Impact of Wildfire Smoke Age and Filter Smoke Exposure on Air Cleaner Effectiveness

RYAN BIXLER, Brett Stinson, Baorong Luo, Elliott Gall, Portland State University

     Abstract Number: 263
     Working Group: Indoor Aerosols

Abstract
Wildfires are increasing in frequency and intensity in the U.S., emitting substantial quantities of air pollution. During extreme wildfire smoke events, indoor environments are challenged by particulate and gas-phase air pollution orders of magnitude higher than non-wildfire smoke periods. Air cleaning is an essential tool to address indoor exposures to wildfire smoke, though better understanding of air cleaner performance under a persistent, elevated smoke challenge condition is needed. In this work, we describe a novel experimental device that enables control over the generation of wildfire smoke proxies suitable for laboratory environments. The device is a glass tube furnace with ring heater attached to a linear actuator; this device enables control over burn temperature, fuel feed rate, fuel type, and combustion gas type and flowrate. First, this device will be programmed and evaluated, aiming to create persistent conditions representative of an indoor space challenged by elevated smoke.

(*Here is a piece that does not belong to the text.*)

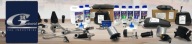 Montavimo detalės 83202 3RG · 83202 – nuotrauka 3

Several common air cleaners will be evaluated with pull-down tests to determine particle clean air delivery rates (CADR) at regular intervals over a ~1-week period when challenged by high “fresh” smoke levels. Next, we will explore the impact of smoke age on air cleaner efficiency by comparing CADRs determined when an air cleaner is exposed to fresh smoke vs. smoke aged in the dark between 2-48 hours. Finally, we will explore the impact light and oxidant addition (ozone) on the evolution of fresh wildfire smoke in the chamber and its impact on air cleaner CADR. The data from this study will contribute to an improved understanding of how to generate repeatable proxies of wildfire smoke for controlled lab testing and how changes in smoke challenge may yield impacts on measurements of air cleaner performance.